FFB Funded Research Grants Approved 2005 - 2006
Operating Grants
Rod Bremner
Department of Cell Molecular Division
University Health Network
Role of RB effector Genes in Retinal Development
Granted: $100,000 for 3 years, July 2005 - June 2008
Background: During the normal development of the retina, new cells are created (by cell division) and excess cells are eliminated (by programmed cell death). These processes are controlled and balanced by particular genes, through the proteins that they encode. One protein that is crucial for normal retinal development is the retinoblastoma protein (Rb). If the gene for Rb is absent or non-functioning, cells divide abnormally, and some cell types – for example, rod photoreceptors – die, while other cell types survive. Rb is a member of a large family of closely related proteins, each one of which (like children of the same parents) is like the other members in some ways but different from them in other ways; for example, one family member called “p107” protects retinal cells from dying, but Rb does not. Dr. Bremner has been trying to understand how p107 protects retinal cells, because knowing this might lead to new ways to block unwanted cell death and vision loss death in retinal degenerative diseases.
Discoveries: Studies published by Dr. Bremner’s research team in the past three years have revealed that p107 shares the ability of the related proteins, p21 and p27, to block photoreceptor cell death and tumor-formation. They have also begun to explain the roles of proteins called transcription factors, specifically those of the “E2f” family, in determining what Rb and p107 do.
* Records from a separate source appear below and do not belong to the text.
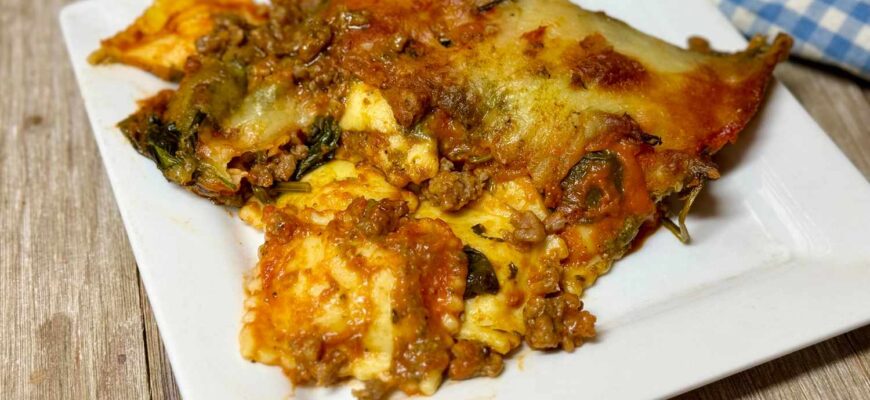 6-Ingredient Ravioli Casserole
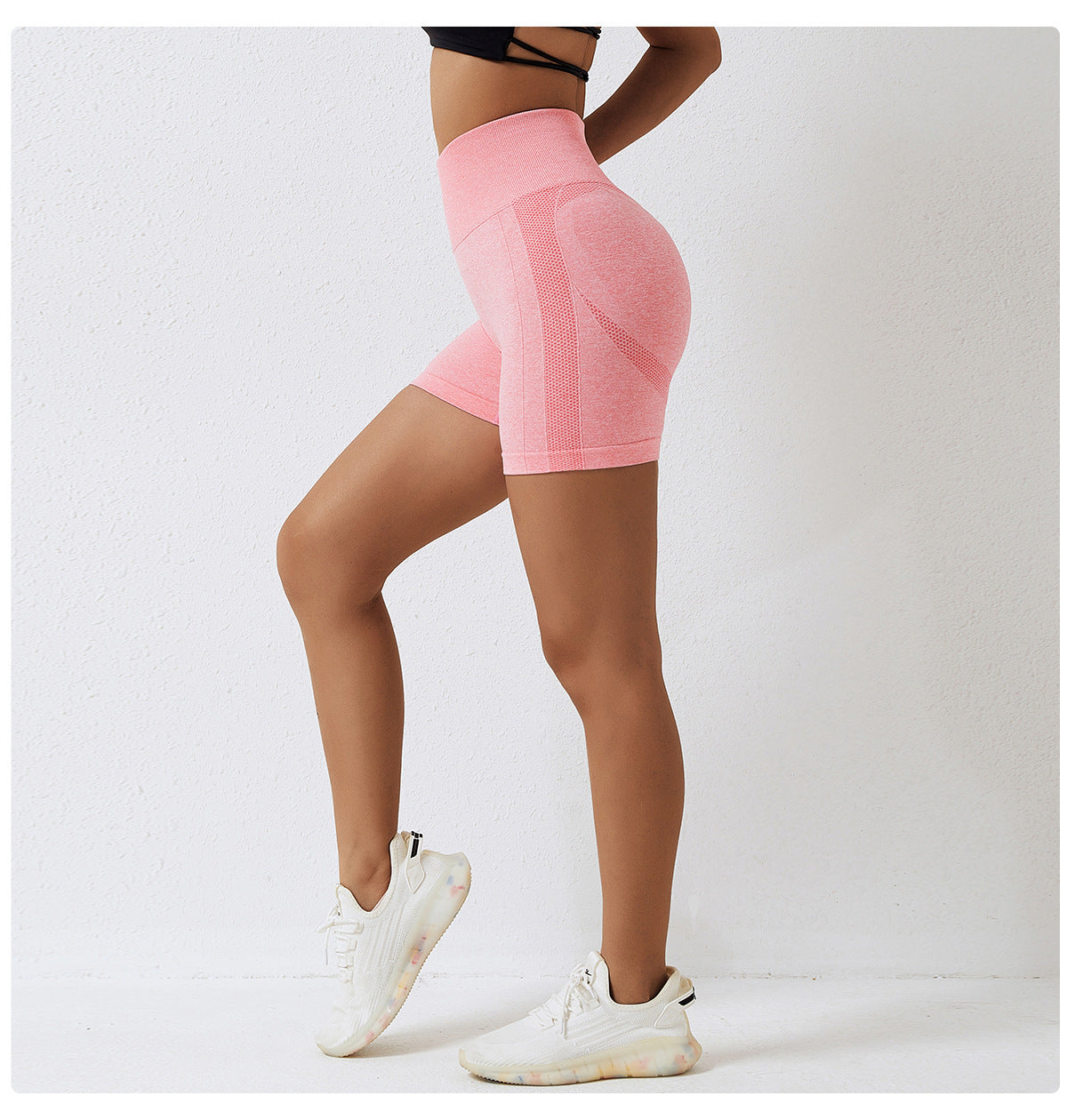 Womens Seamless High Waist Yoga Shorts
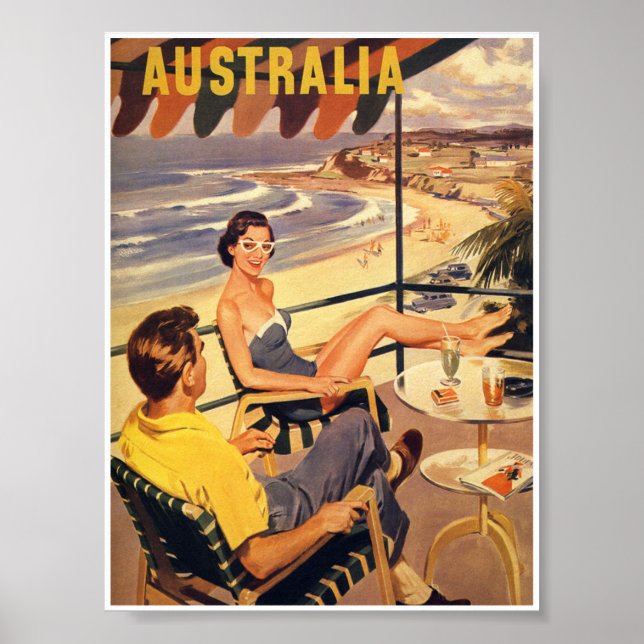 Australien Retro Vintage resor Poster (Framsidan)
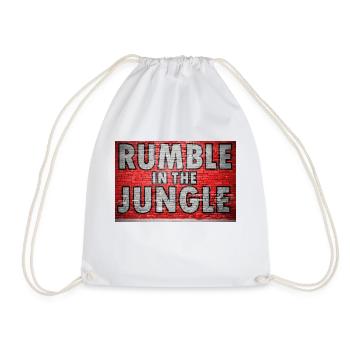 Rumble in the Jungle Brick Wall Graffiti - Drawstring Bag - white - Front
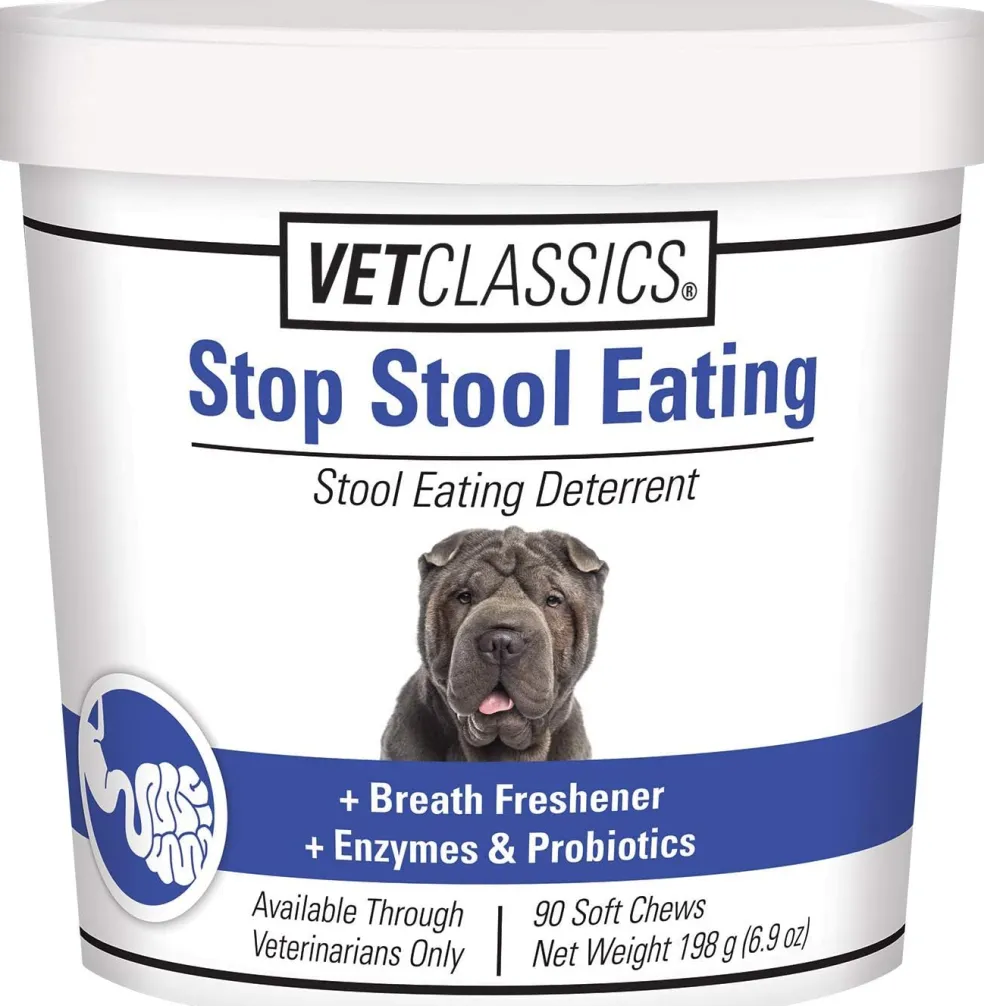 Vet Classics Stop Stool Eating Soft Chews for Dogs, 90 chews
Their data has advanced understanding of how Rb and other factors control retinal development, how they might be manipulated to optimize the therapeutic use of stem cells in humans, and how they work to protect against errors in retinal development.
Elise Héon - Patient Registry
The Hospital for Sick Children
Registry design, construction, testing for phenotype-genotype correlation and molecular characterization, management & therapy
Granted: $250,000 over 5 years, July 2005 - June 2010
Patient Registry (2005-10) was awarded to initiate a registry of patients affected by retinitis pigmentosa (RP). It will record clinical diagnostic and genetic data, while protecting the confidentiality of patients’ personal information. Thus it will provide a database for relating the clinical characteristics of RP to specific genetic mutations, thus identifying patientsfor testing new therapies as they emerge. The overall goal is for the registry to facilitate the capture and flow of information and ultimately, the safe delivery of vision-saving interventions to the appropriate candidates.
Jim Hu, Ph.D.
Departments of Paediatrics, and Laboratory Medicine and Pathology
The Hospital for Sick Children Research Institute, Toronto, Ontario
Development of animal models and novel methods for retinitis pigmentosa research using retina gene transfer
Renewal Awarded: $82,000 for 3 years, July 2005 – June 2008
Dr. Hu, from the Hospital for Sick Children, has developed new research tools for investigating and understanding how specific gene mutations cause specific losses of function and degeneration. He has created and tested new viral vectors (vehicles or carriers) for delivering gene therapies. The new vectors are expected to be safer than the ones that are currently in use, and to be able to deliver a wider variety of therapeutic genes. This approach has been applied successfully to understanding how mutations in the gene for one form of RP (RP18) cause photoreceptor degeneration. Vectors have also been made for delivery of gene therapy in another type of RP (RP1) and Stargardt disease, to be tested preclinically in collaboration with Drs. Pierce (Univ. Pennsylvania) and Molday (UBC), respectively. These achievements will contribute substantially to the development and refinement of gene therapies for all recessive forms of RP and should have major impact in moving these treatments into clinical trials.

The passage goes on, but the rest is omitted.